1. Distribution of Data: Change Number of Copies to Start-This Step is helpful for distributed architecture i.e. if your system has multiple processors, this step will use each of them efficiently for a particular selected step. In order to select this, Right Click on any Step of Transformation.
Now to see this option, you can change the default value (which is 1) to something more.
Value=Number of processors-1
Make sure to set type of data movement (Right Click on a step) to 'Distribute'.
This step will partition the data in different sets and assign them internally to different processors. So, for a single step multiple sets of data would be handles in parallel among processors thus achieving parallelization.
2. Set some Commit Size: In any Output/Update set some Value of Commit Size rather than 0.This will reduce Buffer Load of storing uncommitted data.
However, it won’t be a reasonable value i.e. Matt Casters says 1000 commit size for every 5000 rows.
3. Saving Round-Trips to Database Server: Too save trips of fetching data from a database every time, one can set defaultRowprefetch(Goto Connection>Options) to a reasonable value.
By default it is 10 rows for Oracle. So this means every call to server will fetch 10 rows. Increase it 50 and you can reduce the database calls to 1/5.
4. Adjusting Queue Size: Adjusting No. of rows in row-set (Go-to Transformation Settings >Miscellaneous) to a reasonable value which your RAM can handle can significantly help performance. This value should only be increased if the system has lot of RAM available. It would take much more rows in RAM, in buffer and processing will be much faster.
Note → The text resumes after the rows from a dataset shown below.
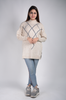 Women's Knitted High Neck Woven Design Sweater by Memnu - MEWS27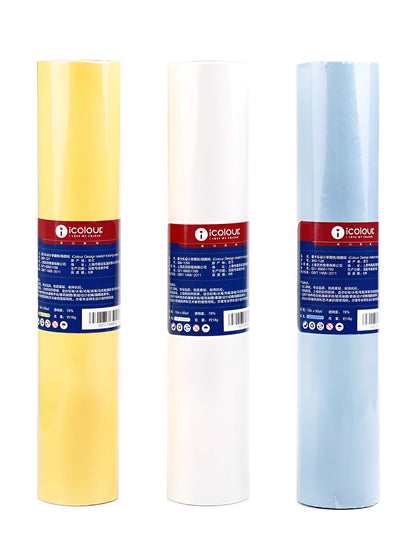 Aikale white and yellow drawing paper rolls in 12-inch and 18-inch widths on a wooden table.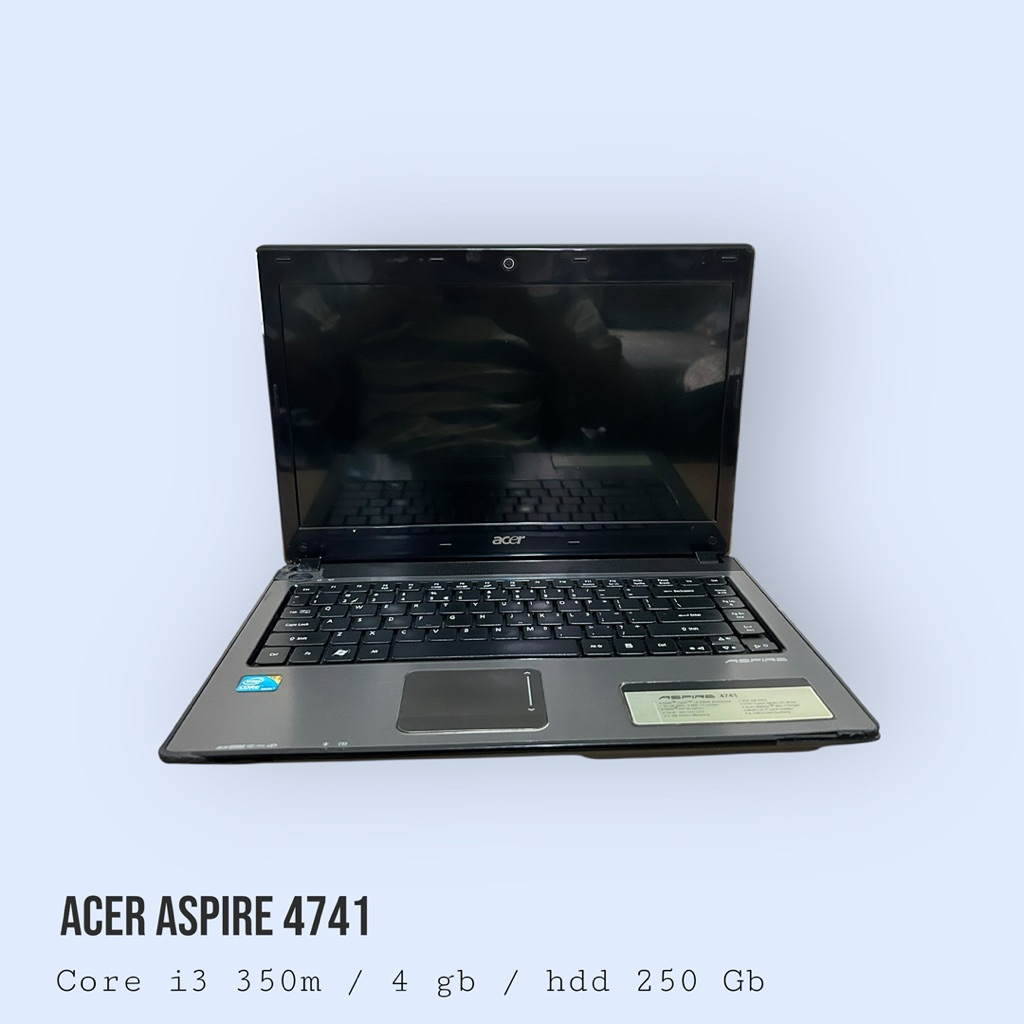 Laptop Acer Aspire 4741 Core i3 350m Ram 4Gb Hdd 250Gb Layar 14 Inci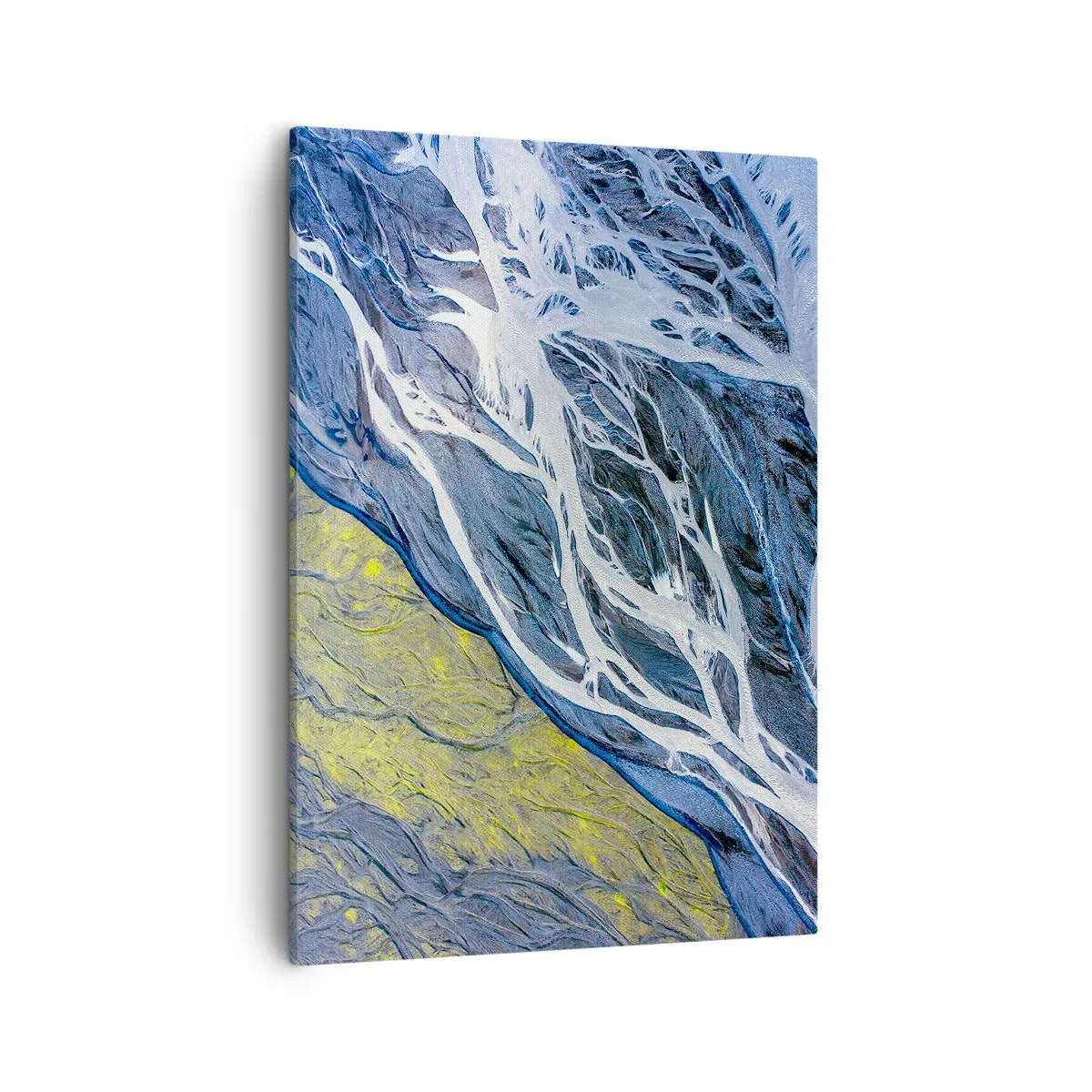 Cuadro sobre lienzo - Impresión de Imagen - Vista aérea abstracta de lechos de ríos serpenteantes - 50x70cm - Las pinturas rupestres de la naturaleza - Decoración de pared moderna para salón y dormitorio ARTTOR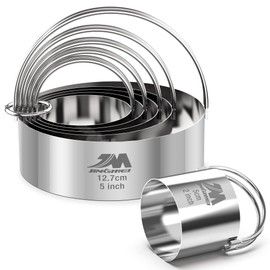 M JINGMEI Baking Cookie Cutters Set 2 Inch 2.5 Inch 3 Inch 3.5 Inch 4 Inch 5 Inch Large Size Round Cookie Cutter With Handle Tools Profes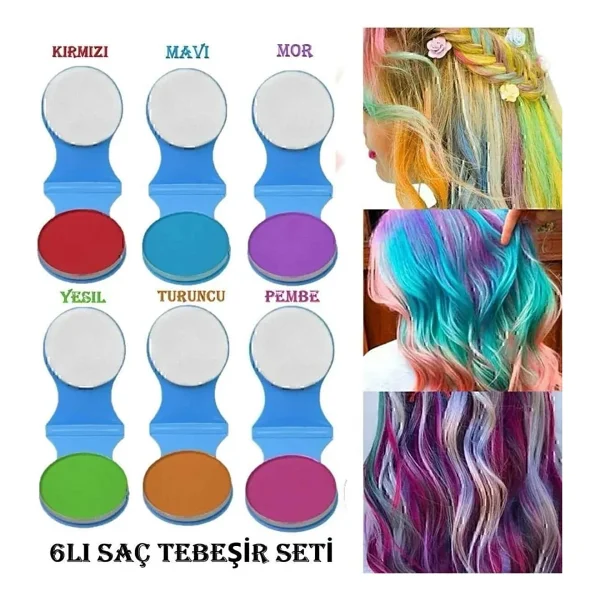 Hb Tasarım 6'lı Saç Tebeşiri Saç Boyası Seti - Geçici Renkli Saç Boyası, T001hb - Görsel 3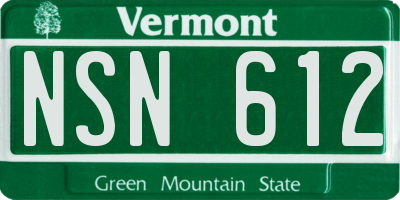 VT license plate NSN612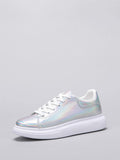 Shein- Metallic Holographic Lace-up Front Sneakers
However, to find the best suited value for it is by hit and trial.
5. Use Step Monitoring: Enable it (Transformation Settings>Monitoring) and find the performance statistics of the transformation then fine tune it accordingly.
6. Lazy Conversion: This is for good and better performance, especially when you need to write from an input text file to an output text file.
The step avoids any conversion happening to Binary data fetched from Input File and thus, uses serialization for writing data.
7. Removing Fields in Select Values step: Always avoid doing it as it reconstructs new rows. Thus it can directly affect performance.
8. Javascript good Practices for Pentaho: Avoid Javascript as much as possible, even though it is the fastest scripting language it still requires javascript engine to work and thus is an overhead. If avoiding is not possible reduce it e.g. instead of 3 javascript steps use 1 step with combined script.
Avoid Data conversion and variable creation in Javascript as much as possible, as it can be handled by Pentaho kettle steps.